» **Task statement**
Write out the lines below exactly, beginning at the one with "Hunter Greene 2019" and stopping after the one with "BASN BC100 Headphones & Earbuds Green New"; the pictures are not copied.

[Short web captions]
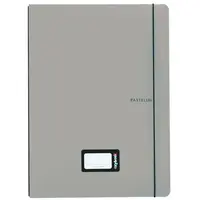 Sešit PP Oxybook A4 40 listy pastelini šedá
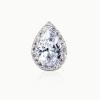 imageSWEETV Teardrop Bridal Earrings for Wedding Prom  Elegant Cubic Zirconia Stud Earrings for women brides bridesmaids2Silver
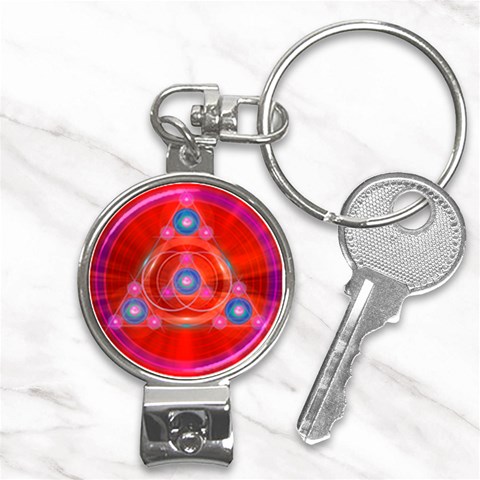 Balance Nail Clippers Key Chain from ArtsNow.com Front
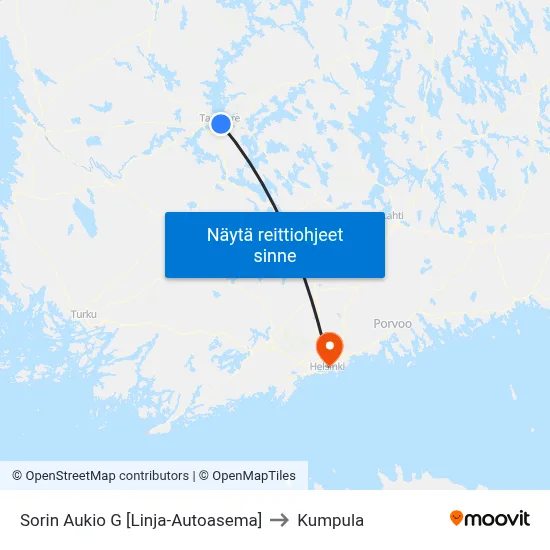 Sorin Aukio G 🚏🛍️ to Kumpula map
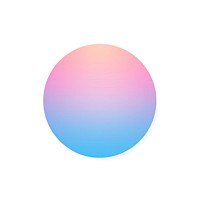 Sun gradient sphere shape pink.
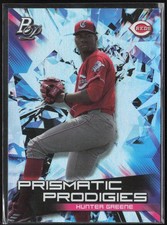 Hunter Greene 2019 Bowman Platinum #PPP-36 Prismatic Prodigies Cincinnati Reds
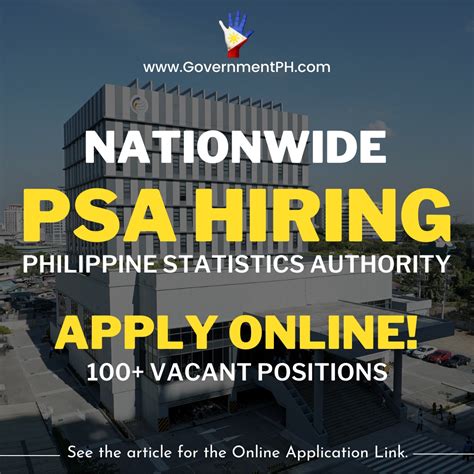 PSA Hiring: 100+ Vacant Positions Nationwide.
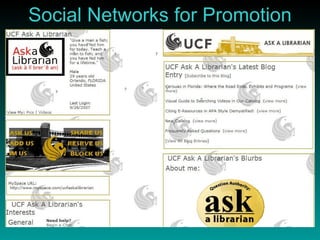 Social Networks for Promotion 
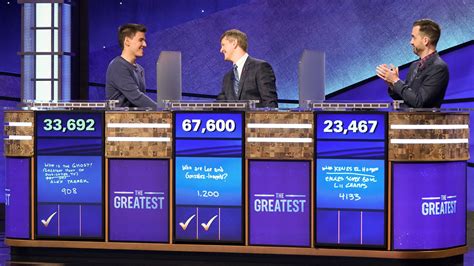 The acronym goat—greatest of all time—gets thrown around rather casually these days, but we felt it was the right time to settle any and all arguments about who is truly the god in eight of the most popular sports. Greatest of All Time on 'Jeopardy!': Who Won Game 3? - The ...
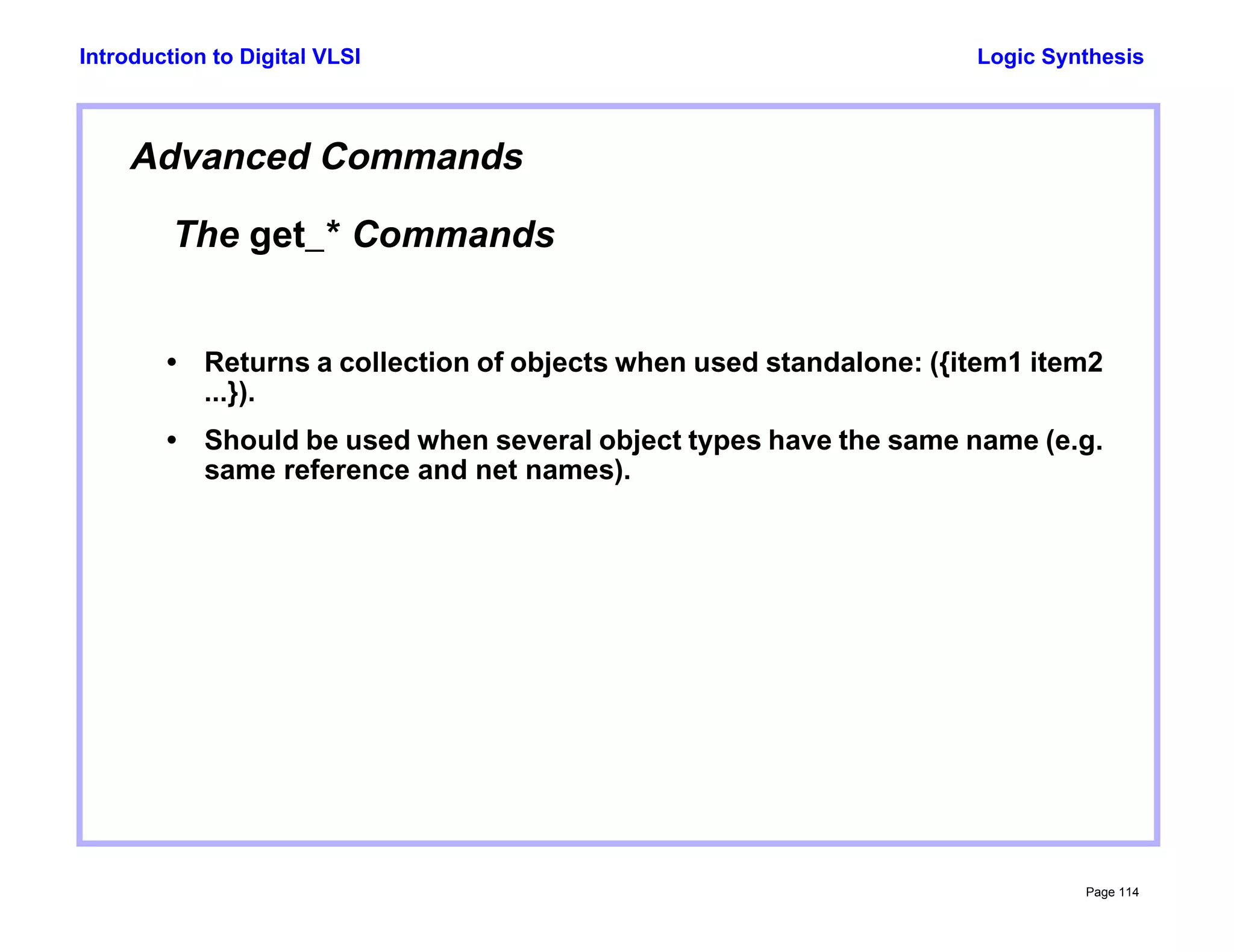 Basic synthesis flow and commands in digital VLSI | PDF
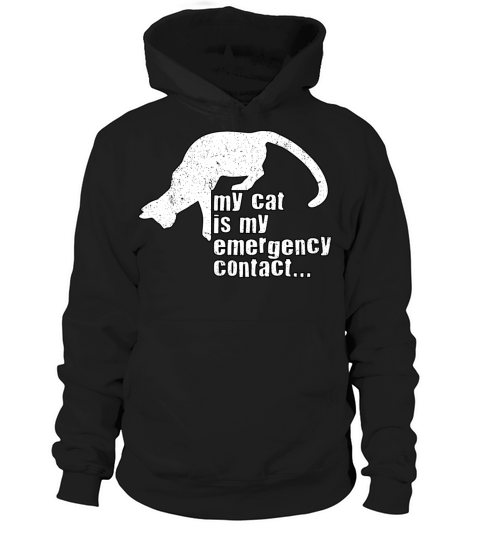 My Cat Is My Emergency Contact Introvert Cat Owner Hoodie Unisex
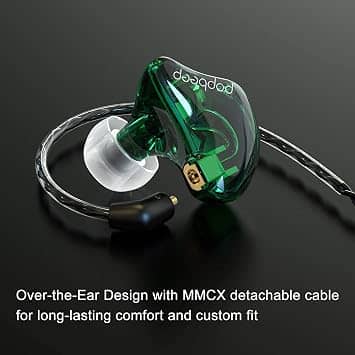 BASN BC100 Headphones & Earbuds Green New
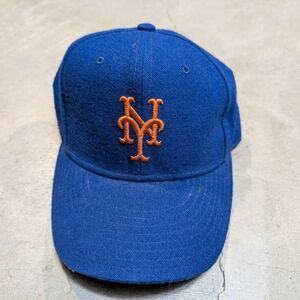 VTG New York Mets New Era Diamond Collection Hat Mens 6 7/8 Wool USA Made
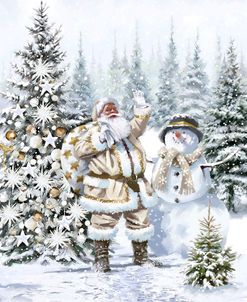 2275 Santa And Snowman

» **Reply**
 Hunter Greene 2019 Bowman Platinum #PPP-36 Prismatic Prodigies Cincinnati Reds
 PSA Hiring: 100+ Vacant Positions Nationwide.
 Social Networks for Promotion 
 The acronym goat—greatest of all time—gets thrown around rather casually these days, but we felt it was the right time to settle any and all arguments about who is truly the god in eight of the most popular sports. Greatest of All Time on 'Jeopardy!': Who Won Game 3? - The ...
 Basic synthesis flow and commands in digital VLSI | PDF
 My Cat Is My Emergency Contact Introvert Cat Owner Hoodie Unisex
 BASN BC100 Headphones & Earbuds Green New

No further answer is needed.